1. Multi-value field separator
API responses may pack multiple values into one string with a separator. The
default is the ideographic comma (\u3001); your API may use ,, |, ;,
or another separator.
class PostAdmin(APIAdmin):
multi_value_separator = "," # default is "\u3001"
2. Query / download audit log
Some projects write to django.contrib.admin.models.LogEntry with custom action_flag=4 (query) and action_flag=6 (download). The library does not write any audit by default — subclass AuditLogMixin to add your own:
from django_api_factory.admin import APIAdmin
from django_api_factory.mixins import AuditLogMixin
from django.contrib.admin.models import LogEntry
from django.contrib.contenttypes.models import ContentType
import datetime
class MyAuditedAdmin(AuditLogMixin, APIAdmin):
def log_query(self, request, model_name):
LogEntry.objects.create(
action_time=datetime.datetime.now(),
user=request.user,
action_flag=4, # your custom flag
content_type=ContentType.objects.get(model=model_name),
)
def log_download(self, request, model_name, filename, type_):
LogEntry.objects.create(
action_time=datetime.datetime.now(),
user=request.user,
action_flag=6,
object_repr=f"{filename}.{type_}",
content_type=ContentType.objects.get(model=model_name),
)
Note: the library does not ship a built-in view_or_download helper — implement the file proxy in your own project and call self.log_download(...) from there.
3. Modal-form actions (ActionFormMixin)
Add modal form + ajax submit to admin actions. The library auto-discovers any action function with a .layer attribute and shows a modal when the user clicks "Go" in the action dropdown.
from django.contrib import admin
from django_api_factory.admin import APIAdmin # already includes ActionFormMixin
class PostAdmin(APIAdmin):
actions = ["add_remarks"]
@admin.action(description="Add remarks")
def add_remarks(self, request, queryset):
remarks = request.POST.get("remarks", "")

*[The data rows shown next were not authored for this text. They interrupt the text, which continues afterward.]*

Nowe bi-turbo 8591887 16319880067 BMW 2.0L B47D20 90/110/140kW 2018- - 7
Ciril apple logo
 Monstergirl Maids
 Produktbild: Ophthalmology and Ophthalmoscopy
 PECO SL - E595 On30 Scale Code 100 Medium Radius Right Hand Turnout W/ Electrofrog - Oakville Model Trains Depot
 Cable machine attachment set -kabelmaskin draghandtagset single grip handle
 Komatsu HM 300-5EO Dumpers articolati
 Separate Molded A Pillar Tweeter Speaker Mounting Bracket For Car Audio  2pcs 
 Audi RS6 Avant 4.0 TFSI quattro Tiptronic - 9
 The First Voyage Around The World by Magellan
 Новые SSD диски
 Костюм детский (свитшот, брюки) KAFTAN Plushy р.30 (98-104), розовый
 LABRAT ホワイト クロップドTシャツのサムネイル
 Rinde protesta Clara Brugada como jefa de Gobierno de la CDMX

status = request.POST.get("status", "")
# ... do work
return {"status": "success", "msg": f"Saved remarks={remarks!r}, status={status!r}"}
# .layer schema is rendered as a modal; user's input lands in request.POST
add_remarks.layer = {
"title": "Add remarks",
"params": [
{"type": "input", "key": "remarks", "label": "Remarks", "require": False},
{"type": "radio", "key": "status", "label": "Is anomaly?",
"options": [{"key": "yes", "label": "Yes"}, {"key": "no", "label": "No"}]},
],
}
Supported params types: input (text/number/date/etc.), textarea, select, radio, file.
4. Pluggable cache backend (no redis required, opt-in)
The core library does not import redis-py at module load. The default cache backend is NullCacheBackend (no-op), so the library works out-of-the-box without any cache configuration or coupling.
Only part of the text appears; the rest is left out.